Global sea-level has been rising about 2.5 times faster during the past 20 years than it has for the preceding eight decades of the 20th century, according to a newly published study in the journal Nature.
Researchers at Rutgers and Harvard universities found that between 1901 and 1990 sea-level rose at a mean rate of about 1.2 millimeters per year, compared to about 1.5 millimeters as calculated in earlier estimates. The global mean rate of rise was about 3 millimeters.
The new research, “Probabilistic Reanalysis of 20th-century Sea-level Rise,” takes a new look at global tide gauge data. Using a combination of computer modeling and statistical analysis, the researchers sought to close data gaps in accounting for the sources of sea-level rise.
The Intergovernmental Panel on Climate Change – the international group charting the Earth’s climate trends – has come up short in fully explaining the source of new water flows to the oceans in past decades.

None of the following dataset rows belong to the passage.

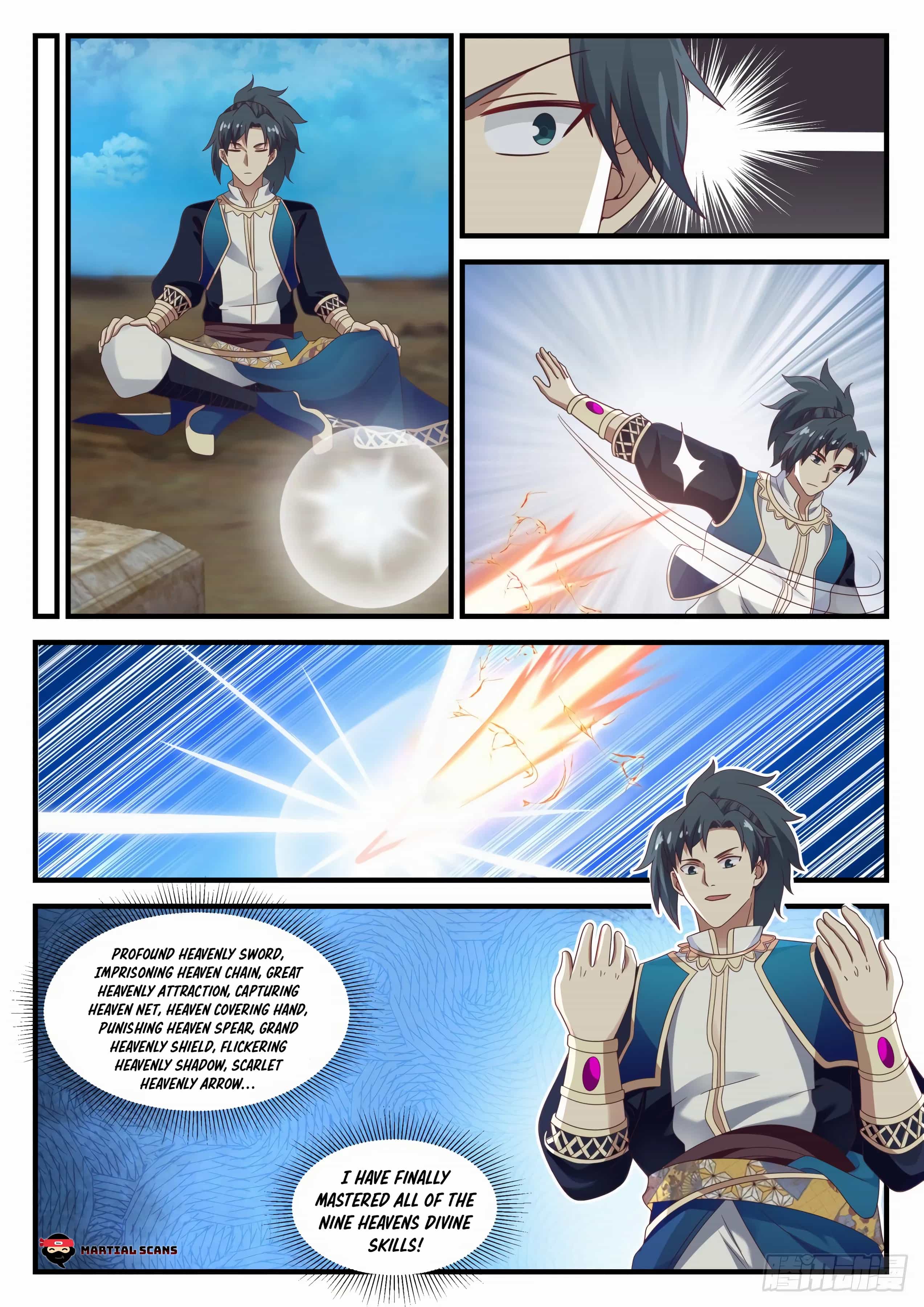 Martial Peak Chapter 719-eng-li - Page 8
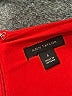 Ann Taylor 100% Polyester Solid Red Cocktail Dress Size 0 - photo 6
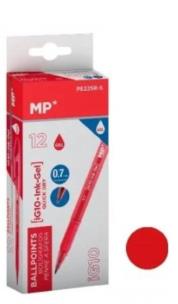 Opakowanie Długopis żelowy czerwony (12szt)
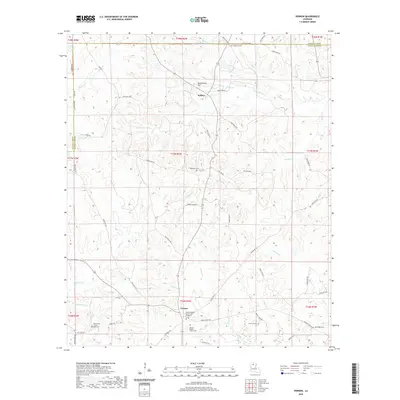 2020 Map of Vernon, 2020 Print
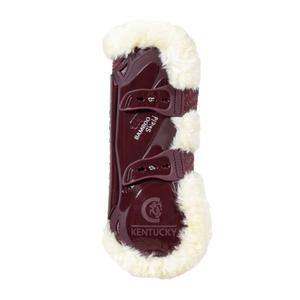 88102-17-gamaschen-fur-pferde-aus-veganem-schaffell-kentucky-bambus-elastic-bordeaux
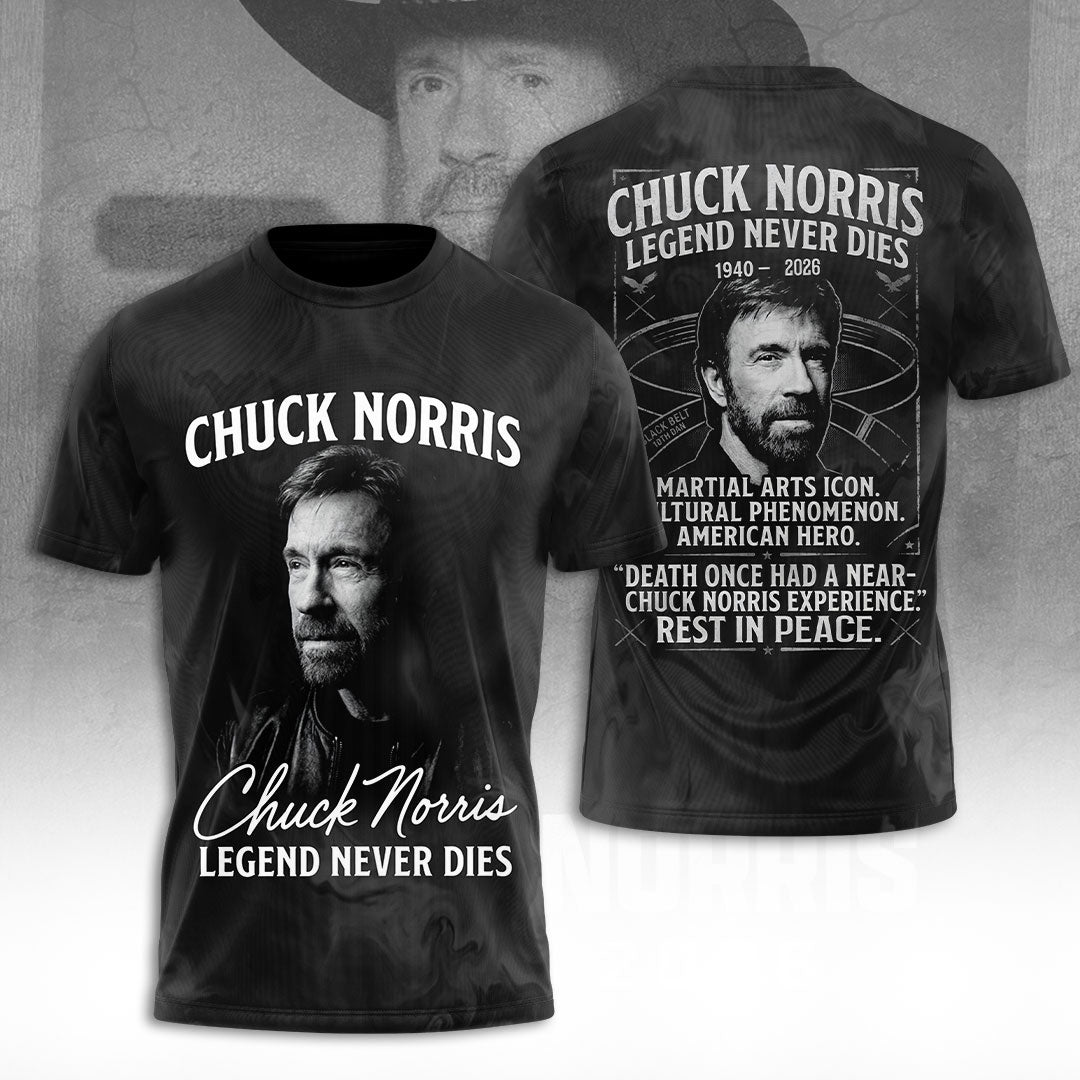 Chuck Norris 3D Apparel – TANTN21920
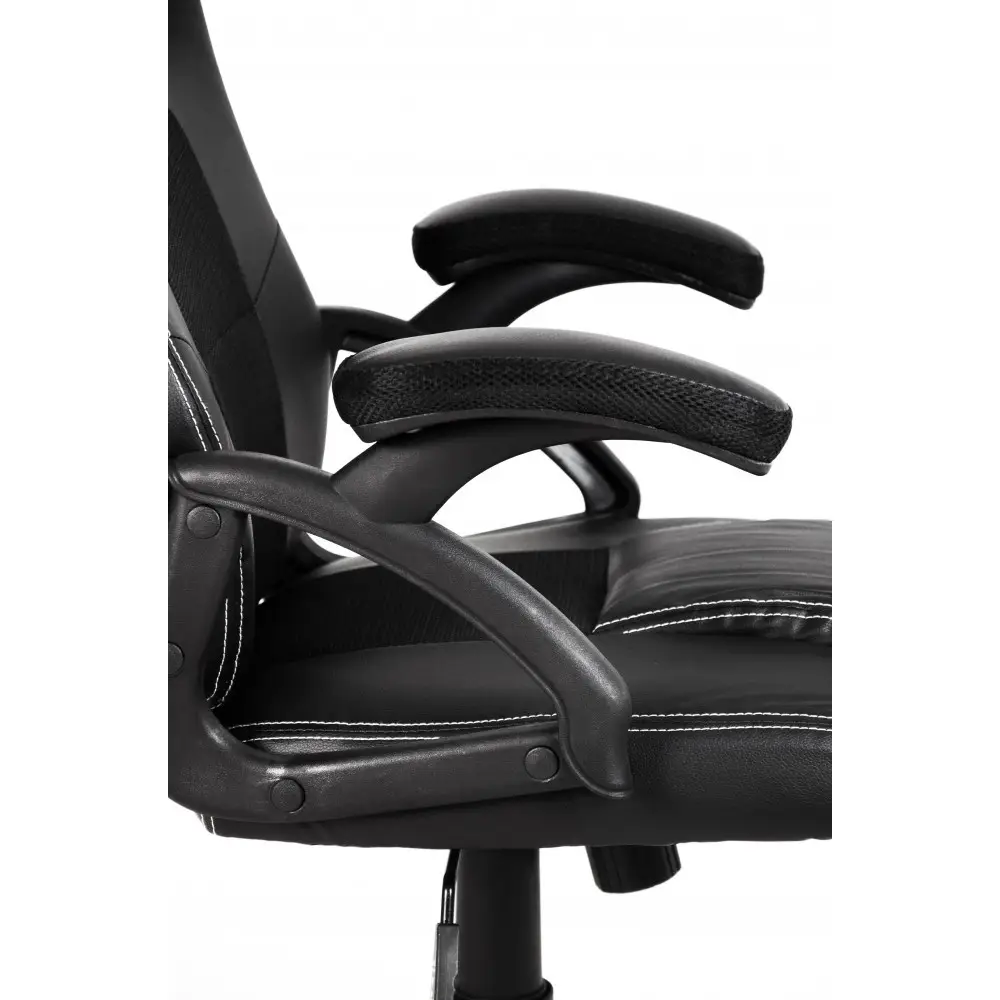 Крісло геймерське з TILT Home Fest Oskar до 120 кг Чорний - фото 6 Крісло геймерське з TILT Home Fest Oskar до 120 кг Чорний - фото 6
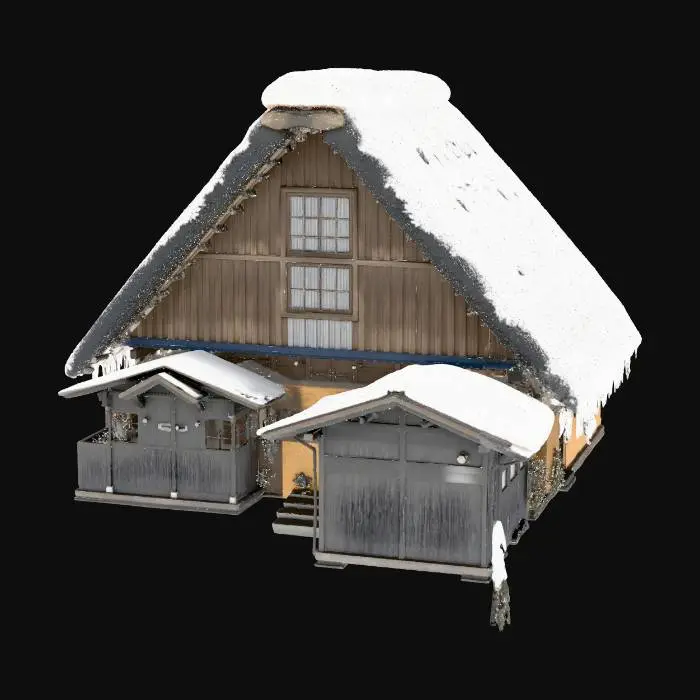 3D model for Snow  3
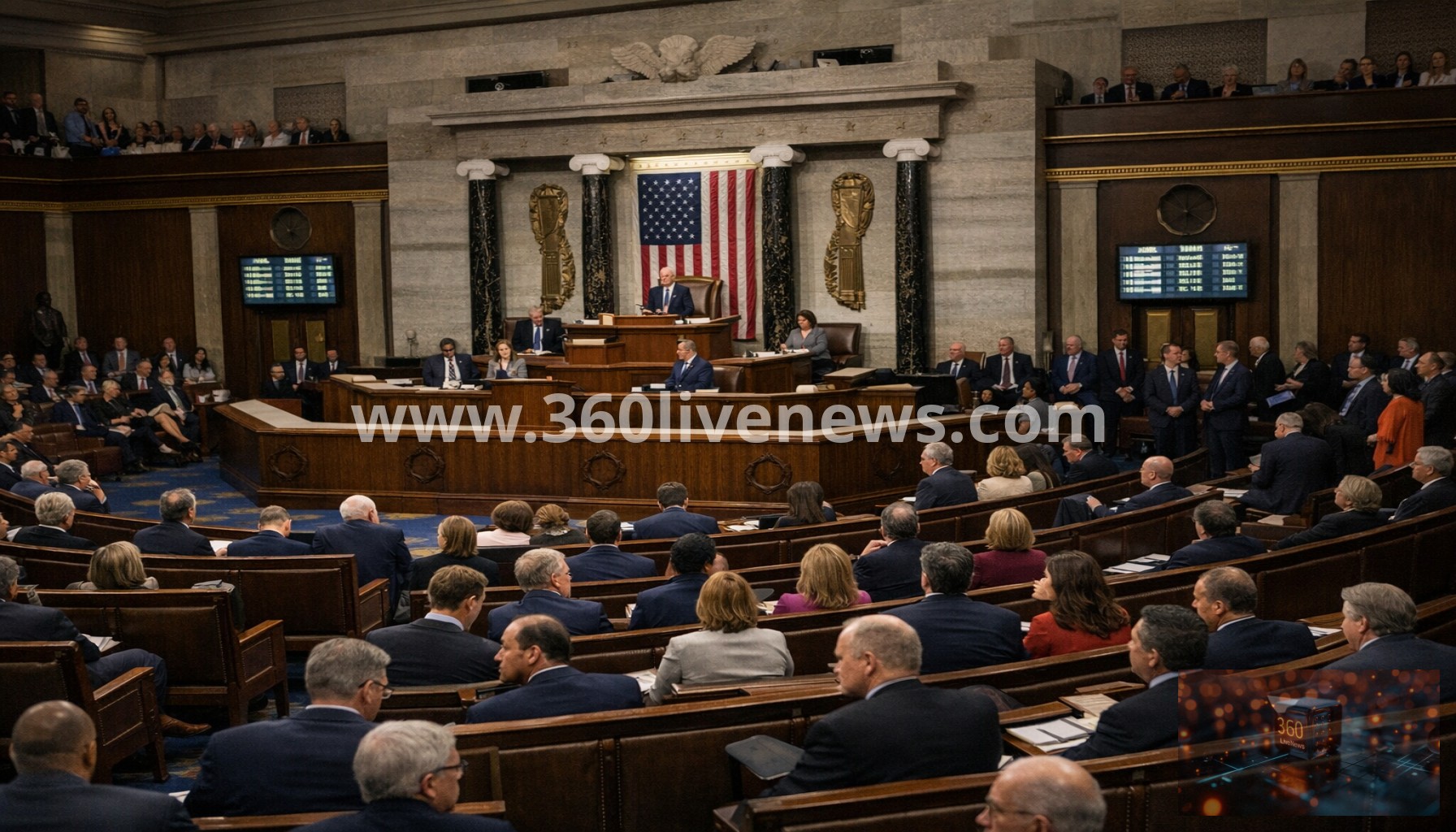US House extends Temporary Protected Status for Haitians, defying Trump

Over the past century, mountain glacier meltwater from the continents was a big source for sea- level change, the Rutgers-Harvard team said. But calculations taken after 1993 represent another sign that Greenland and Antarctica ice cap melting is driving the changes now.
“In the last 20 years we’re looking at significant contributions from Greenland and Antarctica,” where ice melt is driving the higher rate, said Carling Hay, a postdoctoral fellow with both Rutgers and Harvard universities and corresponding author on the Nature paper.
New Jersey is on the front line of that change because sea level is rising faster along the East Coast of the United States. “The global rate of sea level change is important,” Hay said. “But what really affects coastal communities is the regional change.”
The revised lower rate of 20th century rise “makes the ice sheet melt of the past two years even more stark by comparison,” said co-author Robert Kopp, an associate professor with the Department of Earth and Planetary Science at Rutgers, and associate director of the Rutgers Energy Institute.
On top of that, “the whole planet has been warming and the oceans have been picking up heat” and that thermal contributes to rise, he added.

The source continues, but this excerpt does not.